Once Upon A Time, I Wanted To Be A Hero!


I wanted to become a hero when I was a very young kid. Since everyone around me was trying to become someone or something, it was quite perspicuous that I also wanted to be the part of the herd. Kids in the vicinity wanted to become this or that according to their whims and fancies. For me, hero was an energetic person with panache, integrity and courage. Hero was a dauntless dude singing, dancing and flailing villains in movies I used to watch. Hero had guts and was full of problems to solve. My grandfather was a movie buff and his company affected me profoundly. When I expressed my desire to become a hero at first, he told me that there is a switch behind the TV which would help me get inside it and I would directly land in the Bollywood and then I would be a hero-heeralal. I used to eagerly wait for the day when my grandpa would oblige me by opening that miracle switch. That day never came. I realized that the story of the connection of the TV switch with the Bollywood was merely a fantasy, a lollypop to divert the deluge of my questions.

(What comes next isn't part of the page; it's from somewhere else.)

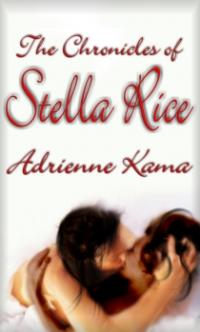 The Chronicles of Stella Rice by Adrienne Kama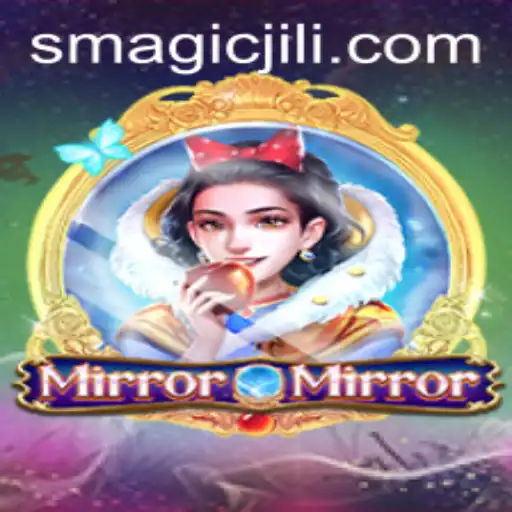 MirrorMirror: Unveiling the Enchantment of Magic Jili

Then, as it dawned upon me that heroes were in fact mere ‘actors’ and not real heroes, I started nourishing the dream of becoming a martial man; a Spartan; for-all I needed was action—why it had to be action in war(as opposed to action on streets, in a field or in a show!) might be because it was a real time action and not something done for the sake of mere entertainment as  wrestlers do! I wanted to become a warrior. Since days of warriors riding on a horse flaunting swords, scabbards, armours were long since gone; I wanted to join military because I wanted to do heroic deeds of bravery. Then, my parents started inculcating things in my psyche against this ambition because they were afraid of the earnestness with which I was eager to become a warrior and they were afraid of the risks involved. They managed somehow to persuade me to aim for something less threatening-like becoming a police officer. I got enticed by the idea because even a policeman was someone with swaggering demeanour, a pistol, a lot of authority and an elegant uniform! Those martial energies were vehemently rising in me and I wanted to become a master of martial arts for a while. I even joined a karate school and opened my own mini-school to teach karate to kids in my colony. It continued for a while( I had to stop my ultra-violent karate school because in a practice fight one of the kids  got a bleeding nose!). I used to imitate action heroes and used to wrestle with every classmate in my school. I got interested in gymnastics for a while and I, along with a bunch of my classmates started performing dazzling tricks in our school's playground, which called for a lot of adrenaline rush and a lot of thrashing from our parents and teachers. By and by, these energies dwindled and intellectual propensities overtook martial storms.   


The rivulet of time passed by and I wanted to become a scientist. It was, because a scientist was someone looking for truth and I also wanted to know the truth because existential nightmare had started, first frequenting me and later on haunting me. It also stayed with me for a while. Meanwhile a Mathematics teacher in my school asked me in a class: “Are you going to take Philosophy as a subject in college; you look like a Philosopher?”

 I liked the idea very much because I was perpetually in search of truth and loved wisdom. My parents however, soon rejected the idea because it was not a safe bet to opt for Philosophy. Philosophers had hard time earning their daily bread and butter. Now, as per the zeitgeist of our time and locality- I was supposed to become and engineer. Since then, I did not seriously want to become anything. Time passed by and now I am an aspiring writer. This will also pass and something else will take over, because, we are perpetually in a rut of ‘becoming’. We want to become something or the other. We cannot just ‘be’.